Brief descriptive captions
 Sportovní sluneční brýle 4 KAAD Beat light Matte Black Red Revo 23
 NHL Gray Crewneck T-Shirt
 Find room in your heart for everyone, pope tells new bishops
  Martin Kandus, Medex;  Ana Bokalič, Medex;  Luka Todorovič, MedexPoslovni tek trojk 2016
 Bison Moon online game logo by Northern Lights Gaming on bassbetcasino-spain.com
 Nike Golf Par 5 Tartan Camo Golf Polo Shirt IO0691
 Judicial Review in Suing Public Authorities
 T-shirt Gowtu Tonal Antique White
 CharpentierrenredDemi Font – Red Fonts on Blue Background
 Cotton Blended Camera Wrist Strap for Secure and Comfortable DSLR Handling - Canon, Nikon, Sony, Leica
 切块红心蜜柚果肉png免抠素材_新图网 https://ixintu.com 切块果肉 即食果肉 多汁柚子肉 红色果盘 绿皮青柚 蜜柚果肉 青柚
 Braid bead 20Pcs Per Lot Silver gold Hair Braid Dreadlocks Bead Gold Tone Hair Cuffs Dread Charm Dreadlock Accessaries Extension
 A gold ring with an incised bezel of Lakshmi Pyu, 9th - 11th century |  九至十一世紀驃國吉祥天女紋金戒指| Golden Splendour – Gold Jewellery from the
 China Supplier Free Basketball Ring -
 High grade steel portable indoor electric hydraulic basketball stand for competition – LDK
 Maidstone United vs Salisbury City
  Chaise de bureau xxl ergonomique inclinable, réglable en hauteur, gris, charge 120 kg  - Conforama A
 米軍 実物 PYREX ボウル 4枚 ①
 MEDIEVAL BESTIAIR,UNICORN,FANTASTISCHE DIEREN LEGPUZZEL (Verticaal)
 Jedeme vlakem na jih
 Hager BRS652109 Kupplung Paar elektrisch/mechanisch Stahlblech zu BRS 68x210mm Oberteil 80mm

ACTION ITEM | Look through the entries above and quote exactly the lines from the line with "China Supplier Free" to the line with "米軍 実物 PYREX ボウル 4枚 ①", counting both of those lines.

ANSWER TO THE EXERCISE |
 China Supplier Free Basketball Ring -
 High grade steel portable indoor electric hydraulic basketball stand for competition – LDK
 Maidstone United vs Salisbury City
  Chaise de bureau xxl ergonomique inclinable, réglable en hauteur, gris, charge 120 kg  - Conforama A
 米軍 実物 PYREX ボウル 4枚 ①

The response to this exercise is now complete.